Let’s have a look at each from different angles.

The first type of company producing products is somewhat unique, as there is not one, single client that determines the requirements. They need to rely on Product Managers or other staff who can guess or work out that there is a target audience who’s likely to use and/or buy their software. Anticipating what the market needs determines the requirements.
Many products, when selling well, will have several versions and releases. That’s good news for the automation people as products often need to be regression tested for a variety of platforms, i.e. different operating systems, hardware configurations, or when new functionality is added over time. The quality necessary for their products depends on the market they’re selling to.

The second type is very much focussed on the one client they’re selling to. What’s in the contract will get built (and tested if the contract specifies it). What’s not in the contract depends on the good will of the consultancy. If a client just spent £3M with you and you wave the contract instead of adding a 2 day RFC that’s probably the last big contract your company got.
Automated regression testing depends wholly on the client – have they specified that they want it, is the application large enough to warrant it for just the one version, are there likely to be more version of the software and contracts coming in from the client? Then it might make sense building something automated, otherwise forget it, time is money in this setup.

The hybrid company is closer to the Consultancy but with the added complication that now there is third party code to be considered for testing. More often than not that has already been tested but one has to be careful to exclude functions as they may be used differently in the context of the re-developed/configured new solution.

The in-house development test efforts very much depend on the company, however there usually are requirements that have been developed by internal groups. This type is usually similar to the Product companies in that software developed is there to stay for probably more than one version. That means more effort can be spent on testing it properly and with a long term view.

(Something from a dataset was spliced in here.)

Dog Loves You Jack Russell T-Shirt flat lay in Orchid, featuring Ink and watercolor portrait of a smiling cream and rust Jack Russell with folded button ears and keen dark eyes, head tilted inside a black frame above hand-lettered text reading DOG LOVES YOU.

To come back to the need for confirmation – if you’re working in some sort of Consultancy, traceability is a no brainer. You’ll need to confirm that what your company is delivering is adhering to the requirements that were set out – and by extension that you fulfil the contract. From the Consultancy point of view satisfying the contract has to come first, otherwise the business would leave itself wide open to being sued or just not paid for breaching the contract. So once the confirmation is out of the way there might or might not be time to test the application in detail.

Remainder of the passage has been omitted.